I decided at the last second to throw this on my Art of Tea order and I’m really very glad that I did.
From dry leaf to steeping liquid to final product, this tea’s scents remained rather consistent for me, excepting a variance in intensities. That, and the wet leaf took on an unsurprising vegetal quality. What I smell is, also unsurprisingly, mandarin orange. It mingles somewhere between actual mandarin oranges and those mandarin orange gummy slices, but as I enjoy both of them it’s not an issue for me. The warmly fresh and sweet citrus scent combines with the scent of some kind of baked good. This tea uses pouchong, which I am beginning to identify as one of my favorite types of oolong, and I’m pretty sure that’s where the bake-y portion of today’s tasting is originating.
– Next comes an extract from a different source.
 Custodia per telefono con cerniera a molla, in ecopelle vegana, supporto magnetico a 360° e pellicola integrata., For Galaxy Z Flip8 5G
How many people have had fruit tart? Raise your hand.
Sorry, that was very Blue’s Clues of me [though, if you actually raised your hand, then please wave it around like you just don’t care]. The reason I ask is because the taste of this tea made me think very much of the base pastry that has been used in fruit tarts that I have had. If you haven’t fruit tart, then imagine, perhaps, a sugar cookie with about half the sugar. If you haven’t had either of these, may I suggest that you expand your dessert repertoire immediately.
Mandarin oranges have always had a bit of softness around them in the taste as opposed to navel oranges, which aren’t biting in flavor but read as sharper to me in flavor and acidity. The orange taste in this definitely treads solidly in mandarin orange territory, and the rounded flavor of that meshes very nicely with the warm, buttery, doughy qualities of the pouchong.
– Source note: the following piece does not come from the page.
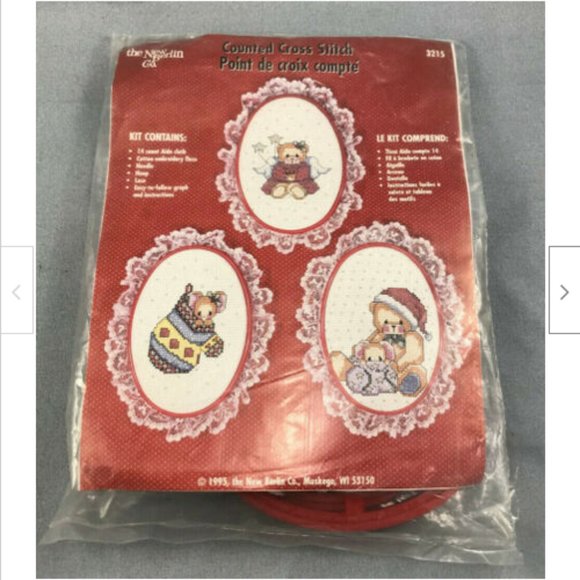 Christmas Teddy Counted Cross Stitch Kit New Berlin Co #3215 3 Mini Designs 1995 - Picture 1 of 3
I went two steeps deep on this one, and the flavor had noticeably faded on the second steep. When I have more time, I may try lengthening the steep time on the second steep even further to see what that does, but the tasty first steep is reason enough for me to keep this tea around and perhaps even re-order once it’s gone.
I haven’t been impressed with some of their other offerings, but with mandarin silk and caramelized pear on my tea shelf, I don’t really need anything else from Art of Tea to wow me. I’m pretty happy here.
I love kettle corn!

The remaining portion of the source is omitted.